Now, news stories and even journal articles rarely point out any of these caveats. Indeed, David Goldstein is cited in the Times story as saying that the answer is individual whole genome sequencing, another very expensive and still deterministic approach (that surely will now be contorted by the proponents of big Biobanks to show that this is just the thing they've had in mind all along!). Nobody backs away from big long-term money just to satisfy what the science actually tells us. Now maybe there is the story, in the public interest, that a journalist ought to take on.

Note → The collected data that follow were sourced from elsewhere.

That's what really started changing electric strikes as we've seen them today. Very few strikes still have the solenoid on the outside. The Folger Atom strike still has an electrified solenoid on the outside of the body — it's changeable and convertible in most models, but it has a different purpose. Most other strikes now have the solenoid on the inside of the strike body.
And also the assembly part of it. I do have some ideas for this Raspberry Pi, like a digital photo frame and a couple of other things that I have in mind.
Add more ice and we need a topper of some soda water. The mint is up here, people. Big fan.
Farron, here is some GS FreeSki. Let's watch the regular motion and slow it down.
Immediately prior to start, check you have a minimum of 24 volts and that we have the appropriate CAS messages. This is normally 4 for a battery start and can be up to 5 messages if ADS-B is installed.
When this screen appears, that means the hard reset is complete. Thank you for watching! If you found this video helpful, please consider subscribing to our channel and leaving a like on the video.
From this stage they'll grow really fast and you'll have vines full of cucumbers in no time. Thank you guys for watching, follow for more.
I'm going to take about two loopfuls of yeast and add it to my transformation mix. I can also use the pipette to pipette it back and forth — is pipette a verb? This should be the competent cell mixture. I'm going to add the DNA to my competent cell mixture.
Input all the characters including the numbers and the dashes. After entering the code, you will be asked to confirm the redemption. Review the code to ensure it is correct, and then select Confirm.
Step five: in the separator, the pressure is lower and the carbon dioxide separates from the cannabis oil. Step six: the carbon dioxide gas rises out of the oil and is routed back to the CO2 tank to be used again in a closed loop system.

So, the push will be for ever-more complete DNA sequences to play with, but this is not in the public interest in the sense that it will not have major public health impact. Even if it identifies new pathways, one of the major rationales given in the face of the awkward epidemiological facts, which is unlikely to be a major outcome in public health terms. We have many ways to identify pathways, and more are becoming available all the time. While whole sequences can identify unique rare haplotypes or polygenotypes that some affected people share, that is really little more than trying the same method on new data, like Cinderella's wicked step-sisters forcing their feet into the glass slipper.

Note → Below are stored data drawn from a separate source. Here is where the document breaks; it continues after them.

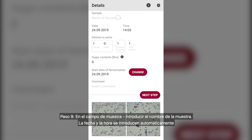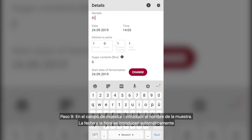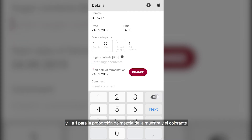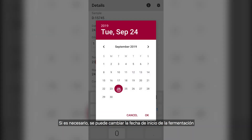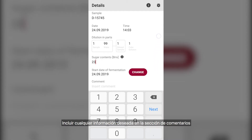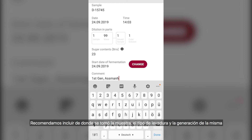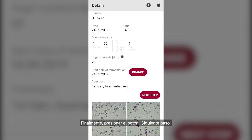Step 9: in the sample field, enter the name of your sample. Date and time are automatically entered. If you followed this video, you can enter a one-part sample and 99 parts water for the dilution, and one-to-one for the sample mix ratio of coloring agent. If required, you can change your start date of fermentation. Include whatever you would like in the comment section — we recommend noting where the sample was taken from, the type of yeast, and the generation of yeast. Finally, press the Next Step button.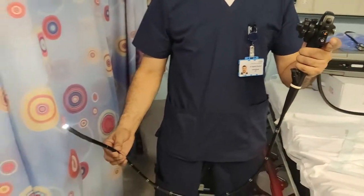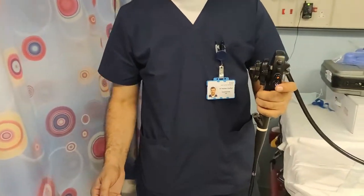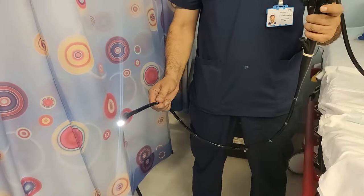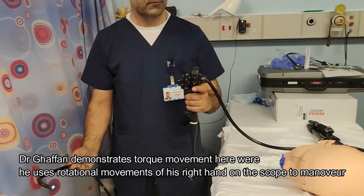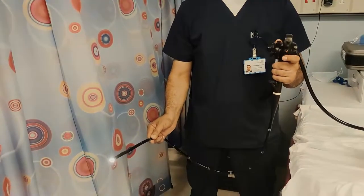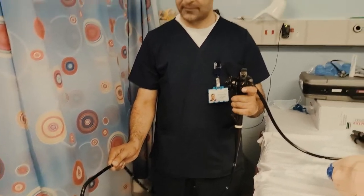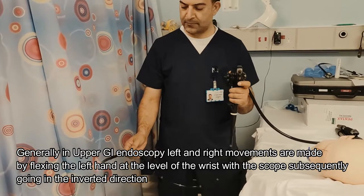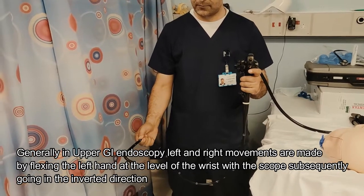One important thing with upper GI endoscopy is that we actually don't use the small wheel that much. Dr. Havari will show us how, using his left hand, he is able to maneuver the scope direction. Using his right hand for torque or his left hand, he can demonstrate: at the level of the wrist, Dr. Havari will make a movement which will make the scope go in the inverted direction.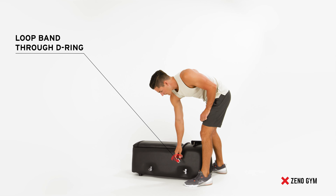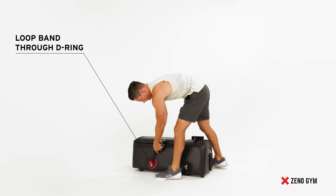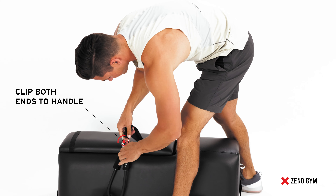Grab your desired resistance band, double loop it through the D-ring, attaching it to the handle.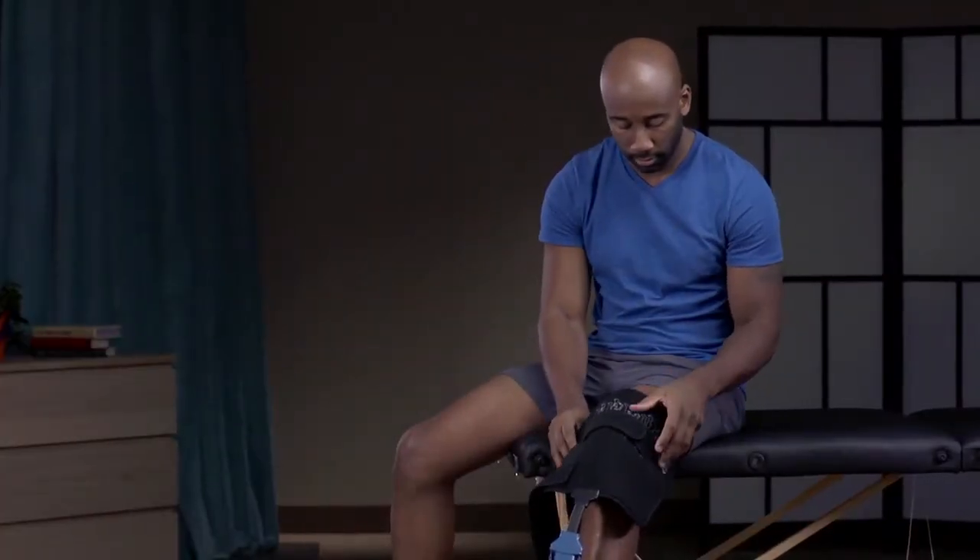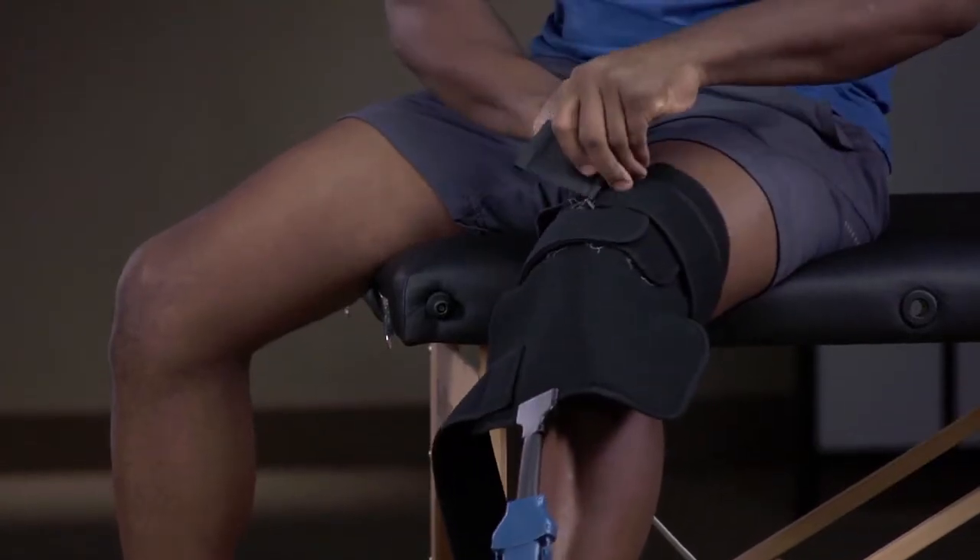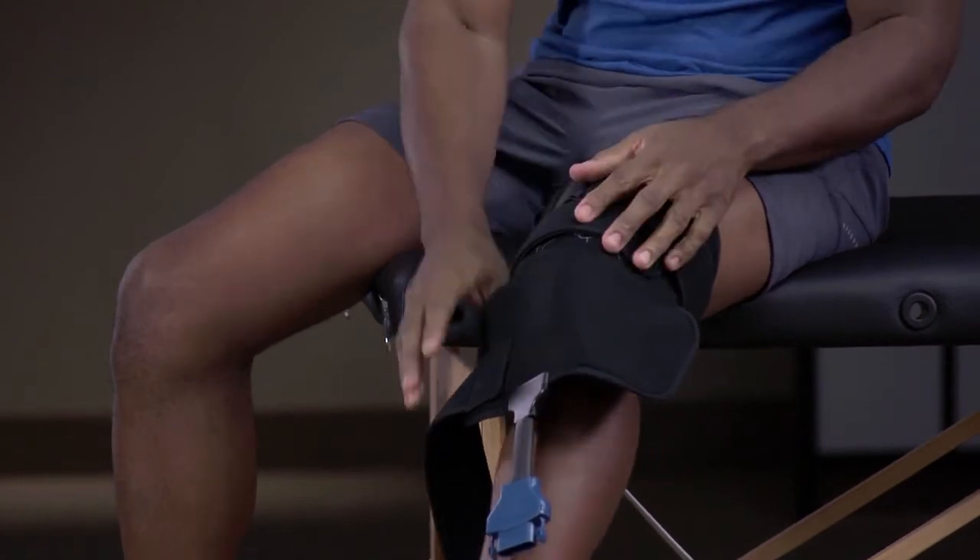Wrap the universal pad so it is centered and apply straps so it fits snugly over the knee. The universal pad should be secure, but does not need to be overly tight.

If it's true as it seems to be, that most instances of a disease are due to individually rare polygenotypes, then the foot will not fit be any better than before. And it won't get around the relative vs absolute risk, nor the environmental, nor the restrospective/prospective epistemiological problem. These are serious issues, but we'll have to deal with them separately. And the rarer the genotype the harder to show how often it is found in controls, hence the harder to estimate its effect.

A few reasons why no one should be surprised:

*Update* Here are a few of the papers that have made these points in various ways and contexts over the years. They have references to other authors who have recently made some of these points. The point (besides vanity) is that we are not opportunistically jumping on a new bandwagon, now that more people are (more openly) recognizing the situation. In fact, the underlying facts and reasons have been known for even a far longer time.

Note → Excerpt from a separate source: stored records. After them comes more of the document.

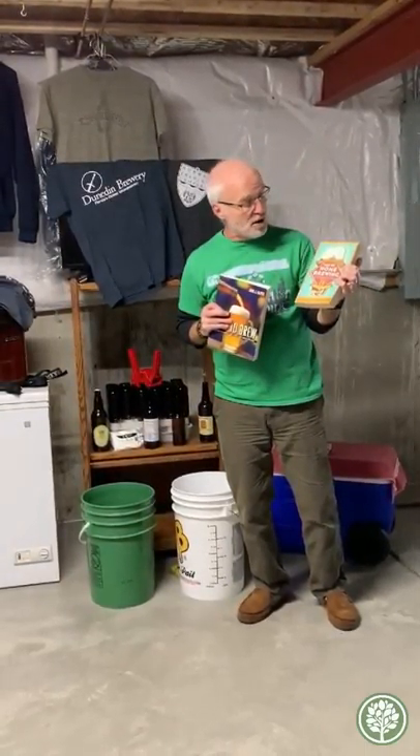Another resource I've used is a couple of books. This is a classic Bible of homebrewing: The Complete Joy of Homebrewing by Charlie Papazian. And the other one is How to Brew by John Palmer.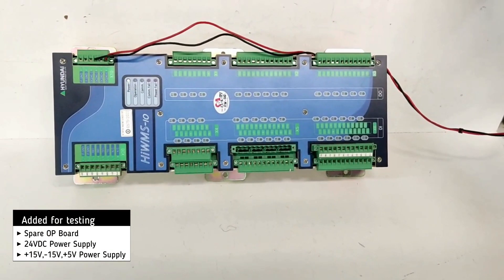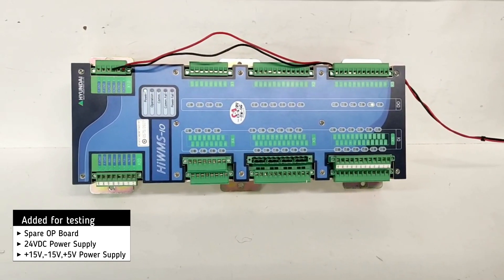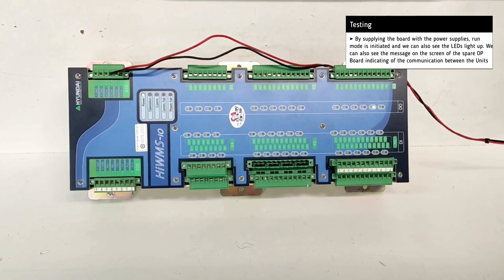For testing, we use 24V DC as power supply. We can see that when we turn on the power supply, the LED lights up.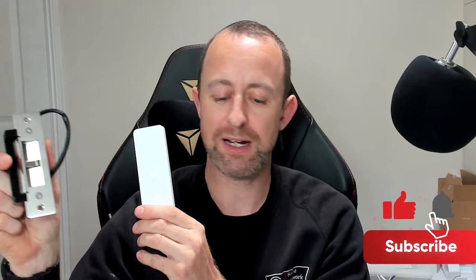Hey guys, welcome to the video. My name is Hugh and I'm from Home Network Solutions. Today I'm going to be showing you the new UniFi Access Ultra. This is UniFi's new two-in-one device — essentially a reader and a mini access hub all in one. It will allow you to connect things like an electric catch lock or a mag lock and a push-to-release button, all controlled from this little device.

The basic facts and theory were laid out early in the 20th century by some of the leaders of genetics, including RA Fisher, TH Morgan, Sewall Wright, and others.

Kenneth Weiss, Genetic Variation and Human Disease, Cambridge University Press, 1993.

Joseph Terwilliger, Kenneth Weiss, Current Opinion in Biotechnology, 9(6), 578-594 (1998). Linkage disequilibrium mapping of complex disease: fantasy or reality?

Kenneth Weiss, Joseph Terwilliger, Nature Genetics 26, 151 - 157 (2000). How many diseases does it take to map a gene with SNPs?

Joseph Terwilliger, Kenneth Weiss, Annals of Medicine 35: 532-544 (2003). Confounding, ascertainment bias, and the quest for a genetic "Fountain of Youth".

Kenneth Weiss, Anne Buchanan, Genetics and the Logic of Evolution, Wiley, 2004.

Joseph Terwilliger, Tero Hiekkalinna, European Journal of Human Genetics, 14, 426–437 (2006). An utter refutation of the 'Fundamental Theorem of the HapMap'.

Anne Buchanan, Kenneth Weiss, Stephanie M Fullerton, International Journal of Epidemiology, 35(3):562-571 (2006). Dissecting complex disease: the quest for the Philosopher's Stone?

Kenneth Weiss, Genetics 179, 1741–1756 (2008). Tilting at Quixotic Trait Loci (QTL): An Evolutionary Perspective on Genetic Causation.

Anne Buchanan, Sam Sholtis, Joan Richtsmeier, Kenneth Weiss, BioEssays, What are genes for or where are traits from? What is the question? BioEssays 31:198-208 (2009).


Jennifer said...

I was just thinking along these lines this morning when on NPR they were discussing finding "the gene" for strokes. Then someone they interviewed (didn't catch who) said "genetic region". But they were still trying to put it all on genetics and having a hard time

Ken Weiss said...

Yes. And there are very good reasons, both in terms of how organisms are assembled, and how they evolved, why what we are finding is what we should expect to find....and we've had the knowledge to know that for many decades.